This fresh, flavorful authentic Salpicon recipe is a delicious Mexican shredded beef salad. It's an easy main course or topping on grilled tostadas. Mexican salpicon is full of fresh vegetables and savory shredded meat and can be a whole meal!
Using just a handful of simple ingredients this delicious recipe is perfect for an easy dinner whether on hot summer days or any other time big fresh flavor is welcome.
It's the perfect blend of beefy flavor, crunch cool lettuce, a bit of heat from the chile peppers. Loads of ways to enjoy it from topping corn tostadas to enjoying as a salad.
If you love authentic Mexican dishes and traditional flavors try our Mexican Adobo Chicken and Slow Cooker Barbacoa too.
Jump to:
What is Salpicon?
Prounced 'sal-pea-con or sal-pea-CON' tt's a mixed dish of shredded steak, lettuce, tomatoes, chilies, avocado sometimes served with a vinegar based simple dressing. It's a Latin dish with different variations found in Spain, Latin America and central America.
In Spain the version typically served is a seafood salpicon called salpicón de marisco (or salpicon de mariscos). The version we are making today is also called salpicon de res recipe which translates to 'beef salpicon recipe'.
This is the type of recipe everyone makes slightly differently. Our version comes directly from a friend in Mexico and it's her family's version.
Salpicon is typically eaten as a salad (perfect for large gatherings), on tostadas or stuffed in poblano peppers.
There is no dressing on this recipe and you'll find it's bold with fresh and savory flavors on its own.
Why you'll love this recipe
- it's authentic
- it's an easy recipe
- the meat can be made ahead of time. Make it a day ahead of time then prepare the salad on the day serving (for time saving)
- It's loaded with satisfying flavors
- instead of the traditional way our recipe uses an Instant Pot
What makes this skinny?
- loads of vegetables
- no oil dressing or other added fat
- cooking the steak in the Instant Pot renders the fat and it's left in the pot
Recipe Ingredient Notes
Skirt Steak. You'll use 2 pounds. Cut it into large pieces before adding to the Instant Pot. Flank steak
is a common substitute for skirt steak (though we've only made the recipe with skirt steak).
Serrano chile pepper. Remove the seeds which is the hottest part of the chili peppers. A jalapeno pepper can be substituted and will be slightly less hot.
How to Make Salpicon - Step-by-Step
STEP 1. Cook the steak in the pressure cooker
Add the skirt steak, salt, cold water and onion to the Instant Pot (photos 1-3).
Close and seal the lid.
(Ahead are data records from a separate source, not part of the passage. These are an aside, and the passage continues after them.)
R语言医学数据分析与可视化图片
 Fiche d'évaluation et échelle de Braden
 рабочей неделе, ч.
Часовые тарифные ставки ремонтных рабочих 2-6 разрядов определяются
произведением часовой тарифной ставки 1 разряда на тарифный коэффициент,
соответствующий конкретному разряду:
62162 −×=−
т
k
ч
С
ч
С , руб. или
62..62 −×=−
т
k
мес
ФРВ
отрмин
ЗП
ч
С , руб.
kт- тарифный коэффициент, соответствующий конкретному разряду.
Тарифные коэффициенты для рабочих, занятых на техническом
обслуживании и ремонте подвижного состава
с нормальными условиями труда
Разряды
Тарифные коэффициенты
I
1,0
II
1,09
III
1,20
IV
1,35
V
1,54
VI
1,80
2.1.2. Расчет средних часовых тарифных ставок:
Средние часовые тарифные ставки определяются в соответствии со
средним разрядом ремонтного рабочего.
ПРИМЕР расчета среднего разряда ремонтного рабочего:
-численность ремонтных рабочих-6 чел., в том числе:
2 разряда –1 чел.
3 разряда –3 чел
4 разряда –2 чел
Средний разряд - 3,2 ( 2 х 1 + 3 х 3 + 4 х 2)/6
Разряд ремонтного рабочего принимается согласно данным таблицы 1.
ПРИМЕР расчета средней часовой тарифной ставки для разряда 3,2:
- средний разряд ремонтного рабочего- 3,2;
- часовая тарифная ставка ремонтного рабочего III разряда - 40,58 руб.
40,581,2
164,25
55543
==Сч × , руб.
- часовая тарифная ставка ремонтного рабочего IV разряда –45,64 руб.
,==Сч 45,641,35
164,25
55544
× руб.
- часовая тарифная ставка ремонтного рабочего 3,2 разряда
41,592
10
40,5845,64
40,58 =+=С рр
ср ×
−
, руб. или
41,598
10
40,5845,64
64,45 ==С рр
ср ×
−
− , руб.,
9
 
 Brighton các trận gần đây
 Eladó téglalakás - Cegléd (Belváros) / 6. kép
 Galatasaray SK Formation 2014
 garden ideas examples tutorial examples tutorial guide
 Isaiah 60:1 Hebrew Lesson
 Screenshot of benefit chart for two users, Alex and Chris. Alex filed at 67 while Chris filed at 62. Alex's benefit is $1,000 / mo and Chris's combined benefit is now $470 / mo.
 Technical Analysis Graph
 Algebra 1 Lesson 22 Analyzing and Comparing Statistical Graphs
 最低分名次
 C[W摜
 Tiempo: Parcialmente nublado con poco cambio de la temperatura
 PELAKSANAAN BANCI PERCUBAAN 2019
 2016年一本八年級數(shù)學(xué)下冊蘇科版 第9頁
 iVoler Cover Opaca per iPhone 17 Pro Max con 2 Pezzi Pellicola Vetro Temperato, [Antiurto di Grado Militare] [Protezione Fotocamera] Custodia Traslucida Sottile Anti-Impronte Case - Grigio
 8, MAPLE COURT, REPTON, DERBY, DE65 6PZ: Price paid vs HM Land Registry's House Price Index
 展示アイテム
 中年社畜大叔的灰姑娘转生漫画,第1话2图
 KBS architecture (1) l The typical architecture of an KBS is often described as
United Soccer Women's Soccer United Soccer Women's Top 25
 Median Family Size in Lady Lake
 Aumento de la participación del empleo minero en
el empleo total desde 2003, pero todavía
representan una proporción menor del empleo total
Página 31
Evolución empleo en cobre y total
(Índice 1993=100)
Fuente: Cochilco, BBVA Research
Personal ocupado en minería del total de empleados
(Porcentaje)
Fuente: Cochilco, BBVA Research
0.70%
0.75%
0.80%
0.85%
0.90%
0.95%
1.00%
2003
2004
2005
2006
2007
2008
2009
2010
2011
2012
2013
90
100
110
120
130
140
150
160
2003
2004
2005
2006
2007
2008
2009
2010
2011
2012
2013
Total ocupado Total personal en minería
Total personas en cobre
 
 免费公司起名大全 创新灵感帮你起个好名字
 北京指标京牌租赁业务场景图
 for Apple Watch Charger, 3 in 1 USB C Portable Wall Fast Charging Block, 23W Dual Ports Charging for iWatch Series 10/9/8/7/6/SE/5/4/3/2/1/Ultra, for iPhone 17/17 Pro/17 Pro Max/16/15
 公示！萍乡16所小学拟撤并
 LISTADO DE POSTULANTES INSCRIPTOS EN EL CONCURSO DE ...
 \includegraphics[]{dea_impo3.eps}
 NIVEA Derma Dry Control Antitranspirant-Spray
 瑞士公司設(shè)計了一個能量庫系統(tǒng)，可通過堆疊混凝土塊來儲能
Set to HIGH PRESSURE for 20 minutes.
When cooking is complete allow a 5 minute NATURAL RELEASE followed by a manual release for the remaining pressure (post cooking - photo 4).
STEP 2. Shred beef
Remove the steak from the Instant Pot. Shred with one of the following methods:
Allow it to cool slightly to handle and shred on a cutting board with two forks. OR place the hot beef in a stand mixer with a paddle blade on low speed (monitor so it does not over shred the meat)(photo 5).
STEP 3. Prepare the salad
In a large bowl combine the lettuce, chile pepper, tomatoes, diced onion and fresh cilantro. Season with salt and black pepper. Add the shredded beef and toss to combine (photos 6-7).
Top with avocado slices and serve (photo 8).
How to eat it
- It can be eaten as a whole salad (main dish) or a side dish
- Use it to top corn tortillas (spray a non stick skillet and toast them first instead of deep frying) to make a filling tostada
- Scoop it with tortilla chips
How to Store
The meat can be made ahead of time and stored in an air-tight container in the refrigerator then added to the salad ingredients the next day.
Leftovers of the combined salad should be stored in an airtight container in the refrigerator for up to 2 days.
More recipes you'll love!
Recipe
Salpicon (Mexican Shredded Beef Salad)
Equipment
Ingredients
- 2 pounds skirt steak cut into large pieces
- 1 teaspoon sea salt or kosher salt plus extra to season the salad
- 2 cups water
- 1 small onion red or white onion can be used; ¼ will cook with the beef, the remainder will be diced for the salad
- 3 cups chopped iceberg lettuce
- black pepper
- 4 medium tomatoes chopped
- ½ cup chopped cilantro
- 1 serrano chile or jalapeno chile deseeded and diced or sliced
- 1 avocado sliced
- 1-2 limes quartered
Instructions
- Place the pieces of steak, 1 teaspoon of sea salt, water, and ¼ of the onion.
- Close and seal the lid. Set to HIGH PRESSURE for 20 minutes.
- When cooking is complete, allow a NATURAL RELEASE for 5 minutes followed by a manual release for the remaining pressure.
- Remove the lid and transfer the meat to a cutting board. Once cool enough to handle, shred the beef using 2 forks.ALTERNATIVELY, place the hot steak in the bowl of a stand mixer, using low speed shred the steak. Monitor so the steak does not get over shredded.
- In a large bowl combine the lettuce, chile pepper, tomatoes, diced onion and fresh cilantro. Season with salt and pepper to taste. Toss to combine.
- Add the shredded steak on top or toss to combine. Add avocado slices on top. Serve with lime wedges to squeeze onto the salad.
Notes
- It can be eaten as a whole salad (main dish) or a side dish
- Use it to top corn tortillas (spray a non stick skillet and toast them first instead of deep frying) to make a filling tostada
- Scoop it with tortilla chips
Andrea Thueson says
This was so tasty and flavorful! I will be making this one on the regular! 😍
Matt says
I love Mexican food, but being on a keto diet sometimes it’s hard to find recipes with lower carbs. This is a great option! Thanks!
Lauren says
I have never heard of this recipe, but I have tried it and I am in love with this!
Trang says
I love making this to top tostadas or honestly, just with a plate of rice. So delicious and it's easy to make in large portions.
Emily Flint says
We loved this shredded beef recipe! I always love how easy and flavorful your recipes are, thank you!!
Ashley says
I had this dish on a trip to Mexico and was so excited to find your recipe! It's easy and fast to make. We ate it on tostadas and it's so fresh tasting.
Alex says
Loved it. Easy recipe full of great flavor.
Kristen Wood says
My family loved this dish..it was an absolute flavor bomb! Thanks for the wonderful recipe!